My mom has allowed me to grow up one year at a time. She was very protective when I was a teenager, when every other person would say to us, “Are you going to become a trainwreck? When are we going to see you going off the rails like …,” and then they would name these other girls that they perceived to be trainwrecks, which was lovely. So it wasn’t just “Don’t drink until you’re 21,” it was “Don’t be seen holding a glass that they could think alcohol is in.”
Everybody wanted me to become a cliche. And I wasn’t going to let it happen, and my family wasn’t going to let it happen. And now I’m allowed to be 24, almost 25, which is nice.
What’s your advice for women looking to get into singing or songwriting?
You’re going to have thousands of decisions to make that will shape the public’s perception of you. Let those decisions be your decisions. Don’t let them be some man in a suit’s decisions, or some A&R guy with a beanie’s decisions.
You have always been so active in promoting new artists. How do you listen to and discover music?
I buy it on iTunes. Things I see trending online, friends on Twitter who tweet about new music. iTunes has really good recommendations — “You like Lorde, you’ll probably like Broods.” Well, I do like Broods! Thank you, iTunes.
Which brings us to Spotify. Did you anticipate that your decision was going to be such a lightning rod?
No, not at all. I wrote an entire op-ed piece [for The Wall Street Journal] back in the summer that was essentially foreshadowing this decision. I’ve talked about it openly and directly, and there’s nothing more to elaborate on. Until Spotify starts to fairly compensate the creators of music, I’m not going to be a part of it.
Which websites do you read most often?
No. 1 one is Tumblr, because it allows me to experience my fans’ sense of humor. They’re sharing not only stories but also GIFs and memes that they’ve created.
I love Buzzfeed, because they do a really good job of making news funny, or making a complete news story out of a non-news item. Like how I carry my purse in the crook of my arm, and they’ll do a slideshow on it. Somehow they come up with these random things to write about that are highly entertaining.
You’re coming off of your third million-selling week. Now that you’re really only competing against yourself, do you see a time when you’ll step away from trying to go bigger every time out?
I have no idea what’s going to happen to me, that’s the thing.

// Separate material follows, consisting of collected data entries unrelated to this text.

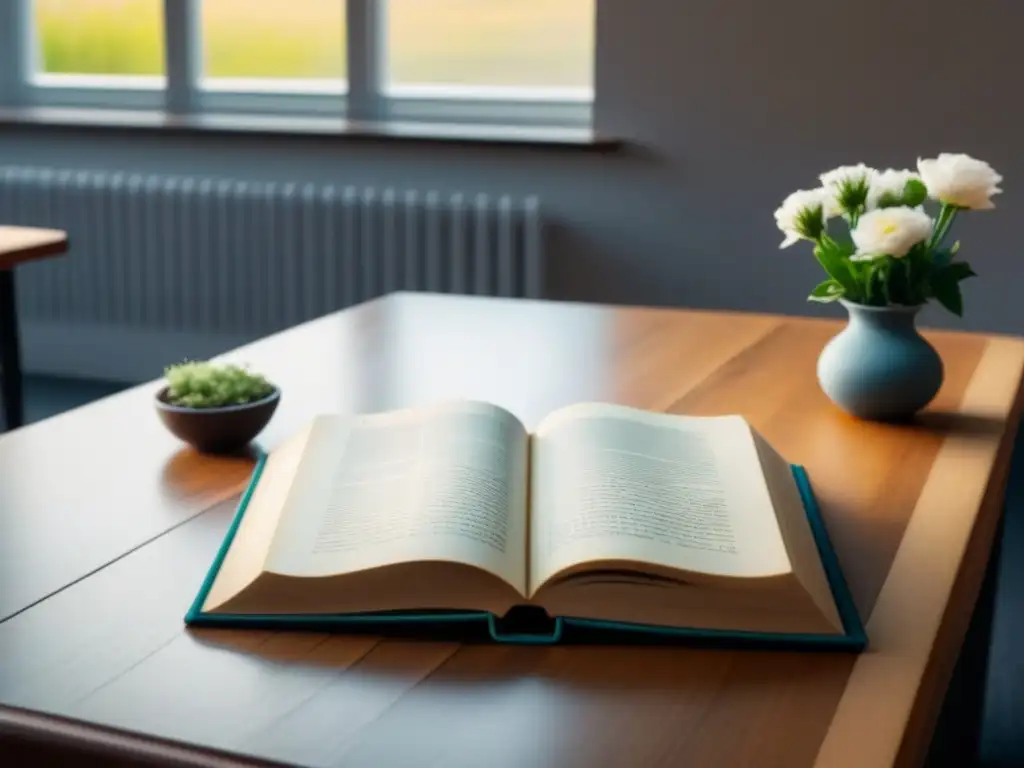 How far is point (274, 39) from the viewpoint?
13.0 ft

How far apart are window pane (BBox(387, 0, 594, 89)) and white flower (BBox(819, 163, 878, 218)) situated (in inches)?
90.8

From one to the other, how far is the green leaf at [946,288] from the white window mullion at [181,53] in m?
3.12

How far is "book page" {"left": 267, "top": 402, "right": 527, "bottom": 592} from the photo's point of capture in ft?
2.92

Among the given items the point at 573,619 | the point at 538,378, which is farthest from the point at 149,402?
the point at 573,619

I was really hoping that we could convince people to go out and make 1989 a part of their lives, and that maybe a million people would want to do that. And essentially, my fans wanted to make a statement about music, too. Because they read my op-ed piece, and it was sort of an unspoken pact between us. They proved that they still want to invest in music, that it’s important enough to spend their hard-earned money on.

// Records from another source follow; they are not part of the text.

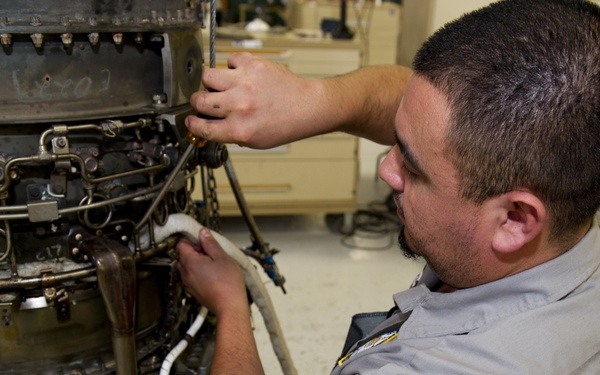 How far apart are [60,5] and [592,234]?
0.82m

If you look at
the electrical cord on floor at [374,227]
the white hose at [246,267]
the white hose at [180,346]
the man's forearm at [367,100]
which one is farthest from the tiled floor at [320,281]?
the man's forearm at [367,100]

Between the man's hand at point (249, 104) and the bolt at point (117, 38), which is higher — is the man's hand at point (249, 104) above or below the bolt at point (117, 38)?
below

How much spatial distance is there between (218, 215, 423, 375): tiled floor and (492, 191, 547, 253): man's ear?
139cm

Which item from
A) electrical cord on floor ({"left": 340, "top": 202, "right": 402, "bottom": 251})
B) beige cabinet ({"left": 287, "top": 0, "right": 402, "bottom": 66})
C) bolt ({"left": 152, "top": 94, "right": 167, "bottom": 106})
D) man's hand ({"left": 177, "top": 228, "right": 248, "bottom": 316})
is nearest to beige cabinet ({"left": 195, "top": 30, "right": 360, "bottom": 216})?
electrical cord on floor ({"left": 340, "top": 202, "right": 402, "bottom": 251})

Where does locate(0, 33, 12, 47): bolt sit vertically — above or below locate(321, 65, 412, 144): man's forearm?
above

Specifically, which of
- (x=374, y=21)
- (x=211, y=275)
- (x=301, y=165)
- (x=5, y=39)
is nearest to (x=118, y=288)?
(x=211, y=275)

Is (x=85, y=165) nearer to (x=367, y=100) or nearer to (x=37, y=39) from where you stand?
(x=37, y=39)

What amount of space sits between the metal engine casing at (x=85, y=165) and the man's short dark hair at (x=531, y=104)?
1.59 feet

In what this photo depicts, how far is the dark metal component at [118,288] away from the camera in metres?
0.94

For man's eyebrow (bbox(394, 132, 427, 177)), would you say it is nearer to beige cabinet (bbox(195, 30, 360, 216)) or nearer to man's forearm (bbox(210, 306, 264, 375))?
man's forearm (bbox(210, 306, 264, 375))

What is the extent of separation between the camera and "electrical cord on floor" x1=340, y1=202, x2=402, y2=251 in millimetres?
Answer: 3010

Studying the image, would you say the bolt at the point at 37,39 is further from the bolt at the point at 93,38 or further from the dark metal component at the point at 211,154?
the dark metal component at the point at 211,154

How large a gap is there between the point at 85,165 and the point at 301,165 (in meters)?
1.95

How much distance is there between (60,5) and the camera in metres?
0.86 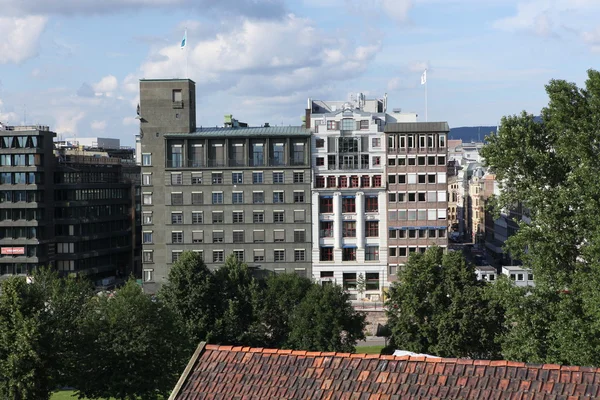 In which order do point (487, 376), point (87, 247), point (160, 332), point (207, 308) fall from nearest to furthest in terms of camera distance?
point (487, 376), point (160, 332), point (207, 308), point (87, 247)

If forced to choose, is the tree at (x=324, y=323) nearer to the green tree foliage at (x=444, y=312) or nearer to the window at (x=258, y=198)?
the green tree foliage at (x=444, y=312)

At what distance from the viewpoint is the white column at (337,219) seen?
133 meters

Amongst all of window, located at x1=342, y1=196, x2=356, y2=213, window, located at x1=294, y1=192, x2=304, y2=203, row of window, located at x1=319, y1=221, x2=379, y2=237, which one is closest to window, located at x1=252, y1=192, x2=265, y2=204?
window, located at x1=294, y1=192, x2=304, y2=203

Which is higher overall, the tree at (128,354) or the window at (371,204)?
the window at (371,204)

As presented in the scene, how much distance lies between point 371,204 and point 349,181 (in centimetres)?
539

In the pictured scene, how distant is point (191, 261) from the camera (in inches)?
3570

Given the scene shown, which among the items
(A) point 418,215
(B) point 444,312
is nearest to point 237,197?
(A) point 418,215

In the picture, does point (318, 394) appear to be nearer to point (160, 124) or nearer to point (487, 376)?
point (487, 376)

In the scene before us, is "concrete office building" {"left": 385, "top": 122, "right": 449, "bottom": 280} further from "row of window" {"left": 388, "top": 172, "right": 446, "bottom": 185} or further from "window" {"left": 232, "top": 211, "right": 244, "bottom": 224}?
"window" {"left": 232, "top": 211, "right": 244, "bottom": 224}

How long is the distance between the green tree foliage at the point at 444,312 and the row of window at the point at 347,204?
152 feet

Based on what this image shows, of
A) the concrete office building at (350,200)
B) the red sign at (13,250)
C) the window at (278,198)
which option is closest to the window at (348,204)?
the concrete office building at (350,200)

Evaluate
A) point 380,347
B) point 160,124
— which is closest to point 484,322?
point 380,347

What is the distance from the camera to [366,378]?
1182 inches

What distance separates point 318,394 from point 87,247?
422 ft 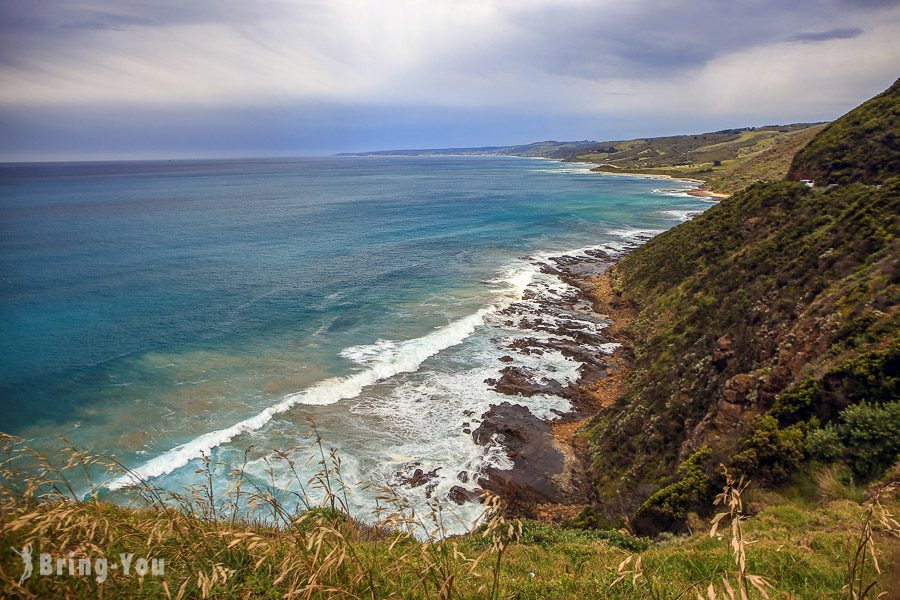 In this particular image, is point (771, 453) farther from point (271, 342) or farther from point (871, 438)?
point (271, 342)

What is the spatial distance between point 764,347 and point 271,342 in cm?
2767

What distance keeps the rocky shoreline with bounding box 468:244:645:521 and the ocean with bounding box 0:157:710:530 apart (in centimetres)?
83

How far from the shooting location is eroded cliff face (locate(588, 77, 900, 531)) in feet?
34.6

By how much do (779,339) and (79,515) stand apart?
18833 mm

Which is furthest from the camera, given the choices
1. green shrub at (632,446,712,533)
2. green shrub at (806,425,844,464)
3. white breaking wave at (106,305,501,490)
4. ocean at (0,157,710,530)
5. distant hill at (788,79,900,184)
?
distant hill at (788,79,900,184)

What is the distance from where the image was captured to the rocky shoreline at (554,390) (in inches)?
661

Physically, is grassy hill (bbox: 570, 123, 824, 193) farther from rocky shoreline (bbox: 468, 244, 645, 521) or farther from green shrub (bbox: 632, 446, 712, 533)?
green shrub (bbox: 632, 446, 712, 533)

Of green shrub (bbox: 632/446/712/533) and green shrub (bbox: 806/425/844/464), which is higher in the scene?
green shrub (bbox: 806/425/844/464)

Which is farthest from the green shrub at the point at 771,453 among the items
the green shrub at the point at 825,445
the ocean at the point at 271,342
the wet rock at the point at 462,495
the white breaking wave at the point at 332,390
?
the white breaking wave at the point at 332,390

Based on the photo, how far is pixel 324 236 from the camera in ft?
211

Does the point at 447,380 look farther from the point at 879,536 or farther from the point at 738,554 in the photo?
the point at 738,554

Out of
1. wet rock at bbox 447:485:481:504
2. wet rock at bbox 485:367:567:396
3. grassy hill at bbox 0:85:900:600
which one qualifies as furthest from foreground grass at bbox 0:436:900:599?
wet rock at bbox 485:367:567:396

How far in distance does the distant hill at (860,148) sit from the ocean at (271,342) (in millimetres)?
22906

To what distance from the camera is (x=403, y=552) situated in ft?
20.5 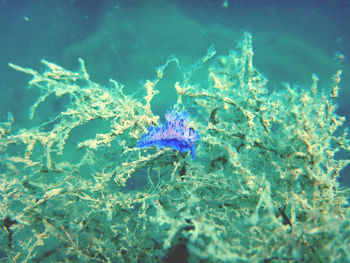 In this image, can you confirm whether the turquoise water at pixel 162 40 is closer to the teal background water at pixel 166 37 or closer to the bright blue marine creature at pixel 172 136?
the teal background water at pixel 166 37

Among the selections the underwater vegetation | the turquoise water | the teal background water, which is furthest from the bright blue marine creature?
the teal background water

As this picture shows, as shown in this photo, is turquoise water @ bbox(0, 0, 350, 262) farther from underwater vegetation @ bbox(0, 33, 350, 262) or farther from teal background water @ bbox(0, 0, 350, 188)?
underwater vegetation @ bbox(0, 33, 350, 262)

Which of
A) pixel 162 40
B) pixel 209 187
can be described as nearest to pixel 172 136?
pixel 209 187

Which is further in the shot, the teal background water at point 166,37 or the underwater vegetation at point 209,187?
the teal background water at point 166,37

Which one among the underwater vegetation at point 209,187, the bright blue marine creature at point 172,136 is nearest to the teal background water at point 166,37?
the underwater vegetation at point 209,187

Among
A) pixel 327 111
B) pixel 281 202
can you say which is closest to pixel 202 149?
pixel 281 202

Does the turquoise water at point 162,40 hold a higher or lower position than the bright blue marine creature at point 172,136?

Does it still feel like a struggle to get the acknowledgment for your own work? Even Imogen Heap, who worked with you on the album, wrote on her blog that she had “assumed Taylor didn’t write too much of her own music … and was likely puppeteered by an aging gang of music executives.”
Everyone’s got their own relationships and dramas, so they don’t have time to create a complex opinion of every celebrity. Do I get offended when people don’t fully understand how much of the workload is done by me? No, they’re busy with their own lives. If someone has studied my catalog and still doesn’t think I’m behind it, there’s nothing I can do for that person. They may have to deal with their own sexist issues, because if I were a guy and you were to look at my catalog and my lyrics, you would not wonder if I was the person behind it.

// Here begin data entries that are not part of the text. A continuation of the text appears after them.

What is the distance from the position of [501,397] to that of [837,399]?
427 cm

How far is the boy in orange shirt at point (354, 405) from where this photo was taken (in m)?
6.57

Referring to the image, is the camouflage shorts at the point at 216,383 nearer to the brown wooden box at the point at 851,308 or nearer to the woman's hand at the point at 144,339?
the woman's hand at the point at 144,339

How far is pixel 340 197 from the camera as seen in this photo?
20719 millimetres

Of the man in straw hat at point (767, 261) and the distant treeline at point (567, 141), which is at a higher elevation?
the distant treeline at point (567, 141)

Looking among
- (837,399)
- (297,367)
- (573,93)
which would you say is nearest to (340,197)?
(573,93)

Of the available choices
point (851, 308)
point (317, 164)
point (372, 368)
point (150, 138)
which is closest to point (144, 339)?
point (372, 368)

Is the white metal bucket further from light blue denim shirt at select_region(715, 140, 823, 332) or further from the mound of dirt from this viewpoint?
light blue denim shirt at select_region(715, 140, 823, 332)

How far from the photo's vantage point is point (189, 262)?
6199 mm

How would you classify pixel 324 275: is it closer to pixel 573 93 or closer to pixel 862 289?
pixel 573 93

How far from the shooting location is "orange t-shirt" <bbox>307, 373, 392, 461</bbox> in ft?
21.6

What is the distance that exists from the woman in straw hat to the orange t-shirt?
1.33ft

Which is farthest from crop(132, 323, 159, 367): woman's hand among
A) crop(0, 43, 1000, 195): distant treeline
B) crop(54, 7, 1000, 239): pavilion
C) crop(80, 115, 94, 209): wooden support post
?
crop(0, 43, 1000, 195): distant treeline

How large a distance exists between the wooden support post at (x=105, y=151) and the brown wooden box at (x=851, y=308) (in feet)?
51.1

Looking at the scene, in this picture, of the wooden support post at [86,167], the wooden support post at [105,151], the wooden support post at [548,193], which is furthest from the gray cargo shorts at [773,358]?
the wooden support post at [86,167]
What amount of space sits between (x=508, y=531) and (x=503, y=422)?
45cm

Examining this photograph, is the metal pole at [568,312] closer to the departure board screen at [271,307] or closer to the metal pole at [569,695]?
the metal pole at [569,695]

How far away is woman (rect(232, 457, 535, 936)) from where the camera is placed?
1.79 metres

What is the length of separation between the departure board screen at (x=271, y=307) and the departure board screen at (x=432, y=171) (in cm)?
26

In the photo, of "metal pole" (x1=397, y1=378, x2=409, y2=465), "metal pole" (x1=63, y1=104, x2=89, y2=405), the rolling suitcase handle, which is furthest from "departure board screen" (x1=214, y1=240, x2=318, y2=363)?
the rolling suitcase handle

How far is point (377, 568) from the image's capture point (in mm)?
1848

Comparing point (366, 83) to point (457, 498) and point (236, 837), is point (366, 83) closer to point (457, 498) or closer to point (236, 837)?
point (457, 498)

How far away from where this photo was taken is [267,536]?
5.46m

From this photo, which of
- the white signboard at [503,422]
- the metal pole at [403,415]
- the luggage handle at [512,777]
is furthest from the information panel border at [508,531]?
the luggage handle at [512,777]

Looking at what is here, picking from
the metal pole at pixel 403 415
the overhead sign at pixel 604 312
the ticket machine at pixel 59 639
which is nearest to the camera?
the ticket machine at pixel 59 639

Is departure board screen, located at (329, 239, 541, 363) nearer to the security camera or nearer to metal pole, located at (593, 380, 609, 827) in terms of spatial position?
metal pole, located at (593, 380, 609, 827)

When I’m in a room with a writer for the first time, and I bring in 10 to 15 nearly finished songs as my ideas, I think they know that I’m not expecting anyone to do the work for me. I’m not going to be one of those artists who walks in and says, “I don’t know, what do you want to write about?” or one of those things where they say, “So what’s going on in your life?,” and I tell them and then they have to write a song about it. I wouldn’t be a singer if I weren’t a songwriter. I have no interest in singing someone else’s words.